Chasing Dragons
About
These two volumes very directly pick up where Empire in Asia left off, at the dawn of the twentieth century. Their purpose is to explain the role and influence of Great Powers and strategic foreign policy in politically reordering the modern ‘Far East’— which we shall refer to as the Asia Pacific, an arc of space stretching from Vladivostok to Burma—with particular reference to Western military power, whose twentieth century starting position was imperial. While we will critically analyze antecedents, the real starting point for the series will be 1900. The vantage point from which the books explore their subject is the definition and articulation of sweeping international fundamental ‘visions’ for reordering an Asian states system--within a changing, now global, political order.

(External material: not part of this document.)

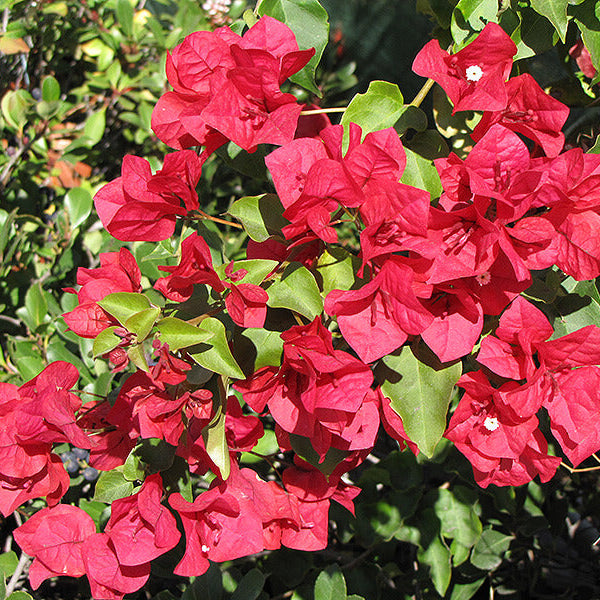 San Diego Red Bougainvillea Seeds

We will examine three such visions: 1) the peace treaties of 1919 and the League of Nations (a corollary being the Washington Agreements of 1922); 2) the United Nations vision of 1945; 3) the Geneva Agreements of 1954. This will allow us to engage the period from the internationalization of China’s relations with the Great Powers through the 1970s, the end of the era when Western Powers sought to use their military power as a principal instrument for politically reordering the Asia Pacific. The three ‘visions’ sketched out broad agendas within which those efforts unfolded; they tried to define ‘the rules.’ Concentrating on three themes— 1) notions of international order 2) concepts of sovereignty and legitimacy and 3) projects for collective security—and bearing in mind the centrality of China and Japan--we will explain why and how these visions, and the power deployed to pursue them, contributed fundamentally to the construction of a post-imperial Asia Pacific, with a states system hard coded into a now global political order.
Team Members
Workshop 2017
Our penultimate Workshop finally sorted out the question of the broad scope and general approach of the project, concentrating on periodization, connecting central theme, and individual areas of concentration. The ideas of the ‘three plus visions’ and the three themes of order, legitimacy and collective security were herein nailed down. Questions that remained under discussion included the nature and importance of the 1954 Geneva conference and agreements, as in how they are to be characterized, and the issue of when, and why, to bring our analysis to a close—our ‘end date.’